基本的に俺が買ってきた酒を少しばかり飲むだけの彼女が半分以上を飲みつくし、自分でもう一本買ってきたのだから余程の事です。
味はスッキリ、バランスのとれた酒というやつだと思います。甘い良い香りがする一方で、甘み・酸味は強くないので果物感はあまりない。嫁さんはそれを「イチゴショートの味」などと乙女チックな表現をしますが、俺が買った酒を一人で半分以上空ける姿に乙女成分は無いな。
これも何種類か飲んでますが、「PROTOTYPE」を除いて大体系統は似てますね。いきなり大吟醸に行かなくても、純米や純米吟醸で十分美味しいと思います。
七本鎗(しちほんやり)
2006〜2011年の大阪在住期間によく行っていた滋賀の店がありまして、俺の日本酒好きのルーツはそこにあります。
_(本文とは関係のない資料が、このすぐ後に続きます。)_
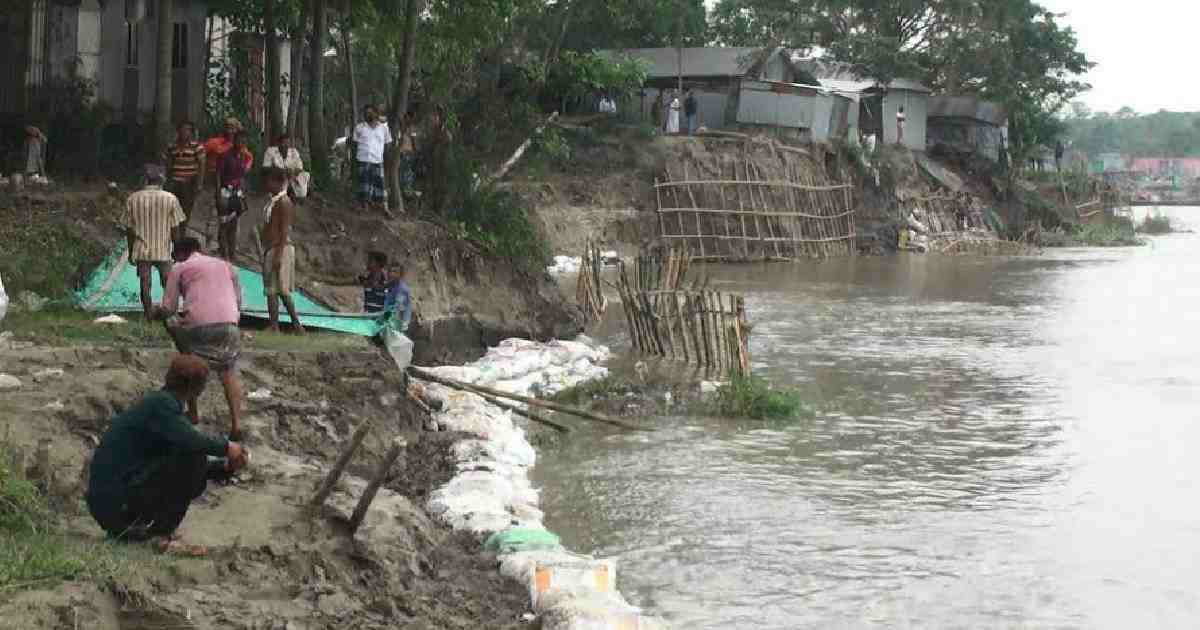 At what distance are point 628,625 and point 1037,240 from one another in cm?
3887

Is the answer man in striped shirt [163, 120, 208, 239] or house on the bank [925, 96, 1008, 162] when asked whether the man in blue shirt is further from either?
house on the bank [925, 96, 1008, 162]

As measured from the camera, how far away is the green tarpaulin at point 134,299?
1211 centimetres

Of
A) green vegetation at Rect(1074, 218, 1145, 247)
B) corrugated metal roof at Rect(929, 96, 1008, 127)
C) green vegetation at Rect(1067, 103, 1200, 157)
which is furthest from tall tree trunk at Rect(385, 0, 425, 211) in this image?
green vegetation at Rect(1067, 103, 1200, 157)

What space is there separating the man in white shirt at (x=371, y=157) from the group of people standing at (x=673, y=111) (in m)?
19.3

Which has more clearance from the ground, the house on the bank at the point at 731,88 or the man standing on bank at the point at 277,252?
the house on the bank at the point at 731,88

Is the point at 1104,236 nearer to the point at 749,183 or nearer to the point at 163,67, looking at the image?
the point at 749,183

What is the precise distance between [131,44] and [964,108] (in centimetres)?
3113

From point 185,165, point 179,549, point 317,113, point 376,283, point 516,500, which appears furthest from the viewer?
point 317,113

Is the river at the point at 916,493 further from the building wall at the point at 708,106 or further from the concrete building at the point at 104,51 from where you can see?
the building wall at the point at 708,106

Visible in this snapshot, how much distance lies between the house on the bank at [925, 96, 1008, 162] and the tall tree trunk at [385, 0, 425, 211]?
99.3 feet

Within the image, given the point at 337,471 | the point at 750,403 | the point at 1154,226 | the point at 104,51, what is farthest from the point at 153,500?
the point at 1154,226

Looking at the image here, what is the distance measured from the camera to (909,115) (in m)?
43.6

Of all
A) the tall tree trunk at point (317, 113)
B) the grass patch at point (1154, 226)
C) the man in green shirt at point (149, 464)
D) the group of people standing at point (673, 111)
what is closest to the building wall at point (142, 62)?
the tall tree trunk at point (317, 113)

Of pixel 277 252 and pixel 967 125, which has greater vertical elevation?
pixel 967 125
日本酒好きの大将が本業の片手間に趣味でやってるような店で、嬉しそうにメニューに載ってない酒ばっか出してくる。地元滋賀を中心に、各地のいろんな酒を試させてもらいました。ですが、ここはひとつメニューに載ってた酒を。滋賀といったら七本鎗。なのかは知りませんが、個人的には意外と見かける機会のある酒です。
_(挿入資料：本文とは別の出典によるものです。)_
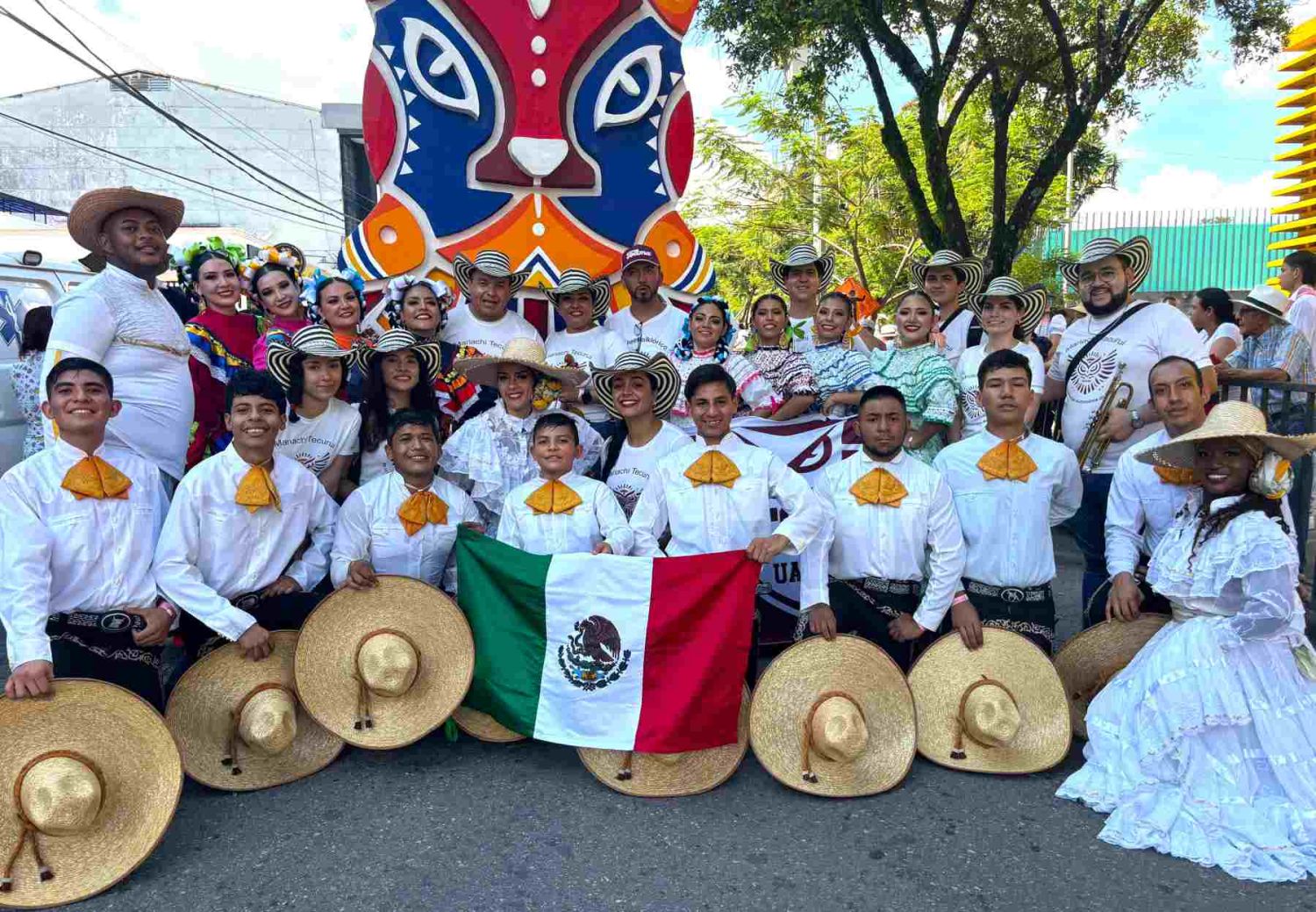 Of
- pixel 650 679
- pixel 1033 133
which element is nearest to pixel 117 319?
pixel 650 679

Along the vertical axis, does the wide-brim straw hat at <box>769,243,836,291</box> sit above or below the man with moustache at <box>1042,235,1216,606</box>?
above

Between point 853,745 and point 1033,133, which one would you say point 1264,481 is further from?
point 1033,133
辛口だけども淡麗ではなく味は濃い。日本酒用語だと旨口っていうのかな。やや強めの酸味と、やはりフルーツを思わせる吟醸香。俺はグレープフルーツを連想しましたね。単品でもいけるし、味の強い料理にも合いそう。
ソガ ペール エ フィス
これも件の大将の所で飲んだ酒。
長野県は小布施町のワイナリーが畑仕事の出来ない冬の間だけ息抜きとして少量仕込むという変わり種の日本酒。ジャンルが異なるとは言えど、醸造のプロが仕込む酒。息抜きとうそぶきながら本気の酒を出してきます。
むしろここに挙げた中では一番基本に忠実というか、日本酒と言ってイメージしやすい味の酒です。ワイン蔵が「ワインみたいな」日本酒を作らないってのは面白い。わざわざ違うことをするのだから、似たような酒を作っても仕方ないしね。
きりっとした辛口で酸味あり。吟醸香は控えめで、後味にちょっとだけ米の甘み。ラベルではヨーグルトに例えてあって、なるほどそんな感じだ、と頷きました。これはもう食中酒でしょう。どんな料理でも合わせられると思います。
ちなみに蓋は開けづらい。
この酒わりとすぐ完売しちゃうんですけど、まだ何種類か在庫のある店はありますね。写真のNUMERO UNではないんで、味の系統が違う可能性もありますが、興味があるなら今のうちです。
俺も買って飲み比べしてみようかな。
NEXT FIVE
続いてこちらも少量生産品。
先に紹介した新政を含む秋田の5つの蔵が共同で醸造するブランドがNEXT FIVE。今年の銘は「Shangri-la」でした。毎年予約完売コースらしいんですが、たまたま東京駅内のはせがわ酒店で売ってたんですよね。写真はカウンターバーでとりあえず一杯飲んでみたときのもの。美味かったんで2本買って帰りました。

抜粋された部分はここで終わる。